Top of Supplied material

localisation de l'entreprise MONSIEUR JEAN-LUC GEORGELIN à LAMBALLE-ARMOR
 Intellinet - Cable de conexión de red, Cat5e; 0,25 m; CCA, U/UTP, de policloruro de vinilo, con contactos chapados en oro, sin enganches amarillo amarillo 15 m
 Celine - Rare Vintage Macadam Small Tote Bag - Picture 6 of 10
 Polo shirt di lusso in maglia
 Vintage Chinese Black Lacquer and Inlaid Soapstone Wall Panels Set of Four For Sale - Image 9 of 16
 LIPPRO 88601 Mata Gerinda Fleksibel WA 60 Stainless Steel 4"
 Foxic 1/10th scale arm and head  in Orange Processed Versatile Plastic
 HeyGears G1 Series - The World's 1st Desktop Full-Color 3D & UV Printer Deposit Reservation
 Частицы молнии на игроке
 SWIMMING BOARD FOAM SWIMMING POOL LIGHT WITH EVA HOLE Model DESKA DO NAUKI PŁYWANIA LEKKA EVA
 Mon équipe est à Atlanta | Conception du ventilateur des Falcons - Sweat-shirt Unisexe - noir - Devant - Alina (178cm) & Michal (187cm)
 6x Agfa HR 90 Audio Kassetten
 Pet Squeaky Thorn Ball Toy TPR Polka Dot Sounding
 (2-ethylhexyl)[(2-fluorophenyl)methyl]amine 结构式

Bottom of Supplied material

• **Your task**
Take the line that contains "Intellinet - Cable" and every line after it in the material above. Set those lines down exactly and nothing more.

• **Written answer**
 Intellinet - Cable de conexión de red, Cat5e; 0,25 m; CCA, U/UTP, de policloruro de vinilo, con contactos chapados en oro, sin enganches amarillo amarillo 15 m
 Celine - Rare Vintage Macadam Small Tote Bag - Picture 6 of 10
 Polo shirt di lusso in maglia
 Vintage Chinese Black Lacquer and Inlaid Soapstone Wall Panels Set of Four For Sale - Image 9 of 16
 LIPPRO 88601 Mata Gerinda Fleksibel WA 60 Stainless Steel 4"
 Foxic 1/10th scale arm and head  in Orange Processed Versatile Plastic
 HeyGears G1 Series - The World's 1st Desktop Full-Color 3D & UV Printer Deposit Reservation
 Частицы молнии на игроке
 SWIMMING BOARD FOAM SWIMMING POOL LIGHT WITH EVA HOLE Model DESKA DO NAUKI PŁYWANIA LEKKA EVA
 Mon équipe est à Atlanta | Conception du ventilateur des Falcons - Sweat-shirt Unisexe - noir - Devant - Alina (178cm) & Michal (187cm)
 6x Agfa HR 90 Audio Kassetten
 Pet Squeaky Thorn Ball Toy TPR Polka Dot Sounding
 (2-ethylhexyl)[(2-fluorophenyl)methyl]amine 结构式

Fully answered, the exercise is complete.